# Forum > News > Art & Graphic Design >  Guide to WoW Signatures (with renders! :O)

## Minimized

Tbh, the title should've been "WoW Signature+Render tutorial"
About 20 images here, so it'll take some time to load, i guess... Enjoy!
You'll need some basic WoW model viewer and Photoshop knowledge to do this:
First of all, make a character/creature/whatever you want to render in WoW Model Viewer. I choose to make a Nightelf. Make sure Hair/Ears/Beard ain't poking holes in blizzard's nice models.

Oh teh noez! The twirly particles will screw up the render!
Well, fear not, because there is a solution;
First off, open View>Show Model Control as such:

Easy enough?
next, you'll see that it says nightelffemale.m2 in the top box. Well, go ahead and change it to whatever gear part you want to remove particles on. Then unmark "particles".

There you go  :Smile:  Rinse and repeat for shoulders/weapons, etc. Make sure that when you're done turning of Particles, switch back to nightelffemale.m2, otherwise you'll control the animations of the weapon/armor piece you edited.
Anyways: now for the rendering part;
Make sure you have the animation you want to use, and pause it. Then File>Save Screenshot
Save it as anything you want. I use the file format .bmp, because I don't really give a shit. Make sure it's saved.
Now, for the SPECIAL part! :O
Instead of closing down Model viewer, do this:
Put on "Mask" with View>Show Mask
Everything will turn black and white.
Then, press Lightning>Use Ambient Light
Voila! A perfect Black and white mask of your image!  :Big Grin:  Go ahead and save it as Anything you wantMASK.bmp
Now Photoshop
Open the file you saved first (Not the mask!)

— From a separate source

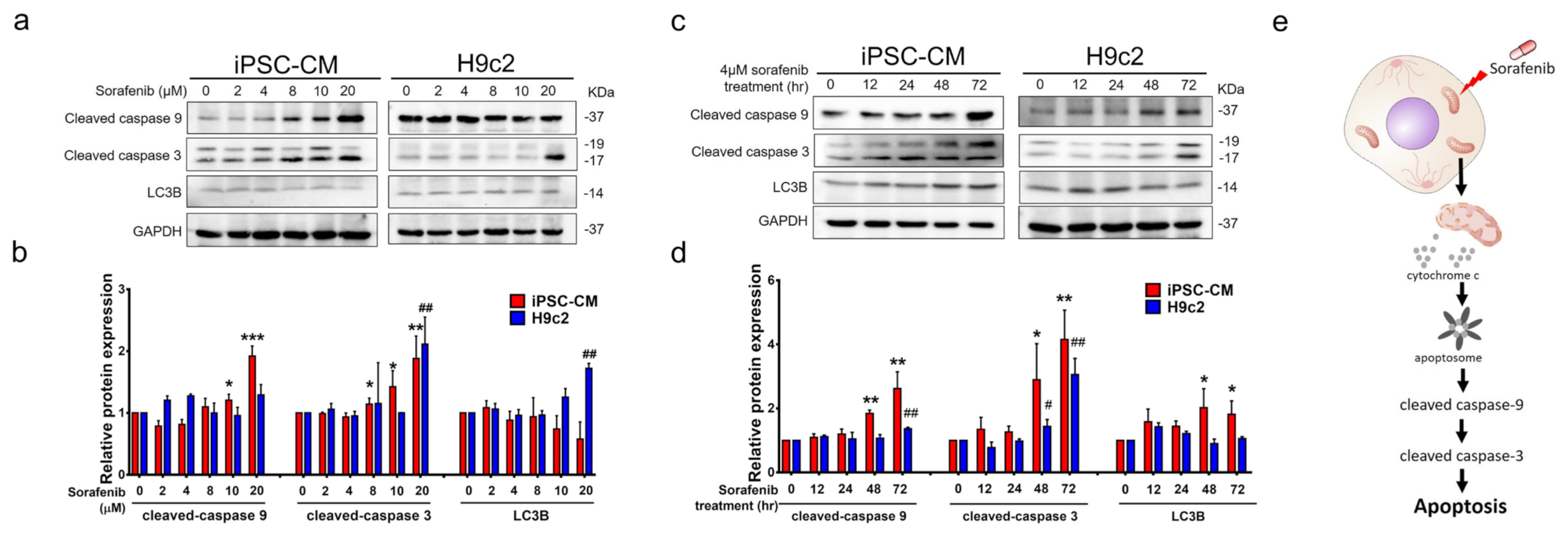 Biomedicines 10 02764 g006 Biomedicines 10 02764 g006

Then do File>Place... And select the mask image. You should end up with something like this:

Make sure everything is alright (that the images are the same, aligned, etc.) and choose your magic wand tool. Select the mask layer, and magic wand the black parts. Make sure Contigous is deselected.
Now, hide the Mask layer, and double click on the bottom layer to level it from Background, thus allowing it to have transparent sections.

Now, hit Delete, and you get a pretty much perfect render.

Okay, Signature making part. I'll actually submit this part, while I continue with the signature part. Which will be big.

----------


## Minimized

First of all: make a new file. Photoshop, ofcourse  :Smile: 

Next, drag your render over to the new image.


...and resize...

I'm gonna make a simple background, with a gradient and a pattern overlay, but you can do w/e you want.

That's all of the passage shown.